1. An intraoral illumination device for illuminating the interior cavity of a patient's mouth during a medical procedure, the intraoral illumination device for use with a light source, comprising:
a bite piece adapted to be engaged by a patient's teeth to hold the device within the patient's mouth;
a translucent illumination member having an interior wall and an exterior wall substantially parallel to the interior wall, the illumination member connected to said bite piece and optically coupled to the light source that directs light between the walls,
wherein the illumination member is a flexible arcuate member whereby when inserted into the mouth the interior and exterior walls wrap around a rear part of the interior cavity of the patient's mouth with the interior wall facing into the mouth,
wherein the exterior wall is a reflective arcuate surface that prevents escape of light through the exterior wall and reflects and directs light through the interior wall into the interior cavity of the patients mouth to enhance visibility therein.
2. (canceled)
3. The device of claim 1, wherein the illumination member has mounting means on the exterior wall for mounting a rubber dam thereon.
4. The device of claim 1, further comprising a moisture control pad removably mounted to the exterior wall.

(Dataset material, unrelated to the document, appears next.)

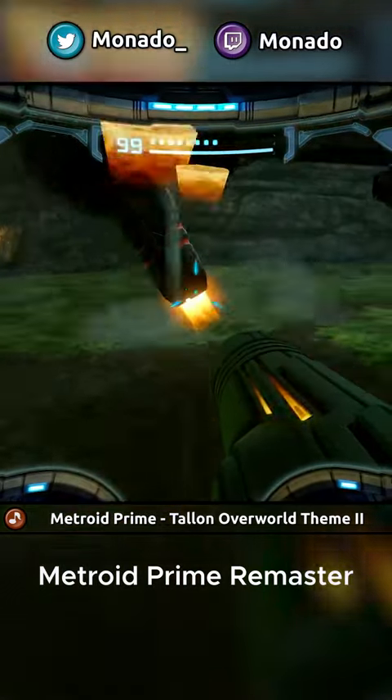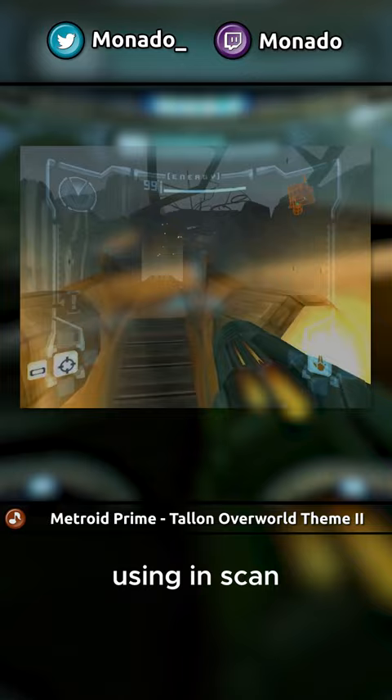Did you know that in the Metroid Prime remaster you can still get space jump boots early? Unfortunately, the method used in scan dashing in the GameCube version was patched out, but the method used in the Metroid Prime trilogy still remains.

5. The device of claim 1, further comprising a moisture control pad adhesively mounted to the exterior wall.
6. The device of claim 1, wherein the illumination member is fixedly connected to the bite piece so as not to move relative thereto.
7. The device of claim 1, wherein the device is a single-use, disposable device.
8. An intraoral illumination device for illuminating the interior cavity of a patient's mouth during a medical procedure, the intraoral illumination device for use with a light source, comprising:
a bite piece adapted to be engaged by a patient's teeth to hold the device within the patient's mouth;
a translucent illumination member having an interior wall and an exterior wall substantially parallel to the interior wall, the illumination member connected to said bite piece and optically coupled to the light source that directs light between the walls,
wherein the illumination member is a flexible arcuate member whereby when inserted into the mouth the interior and exterior walls wrap around a rear part of the interior cavity of the patient's mouth with the interior wall facing into the mouth,
wherein the exterior wall is a reflective arcuate surface that prevents escape of light through the exterior wall and reflects and directs light through the interior wall into the interior cavity of the patients mouth to enhance visibility therein.
wherein the exterior wall has thereon a plurality of nubs for mounting a rubber dam thereon.
US11/637,667 2006-12-13 2006-12-13 Intraoral illumination device Abandoned US20080145813A1 (en)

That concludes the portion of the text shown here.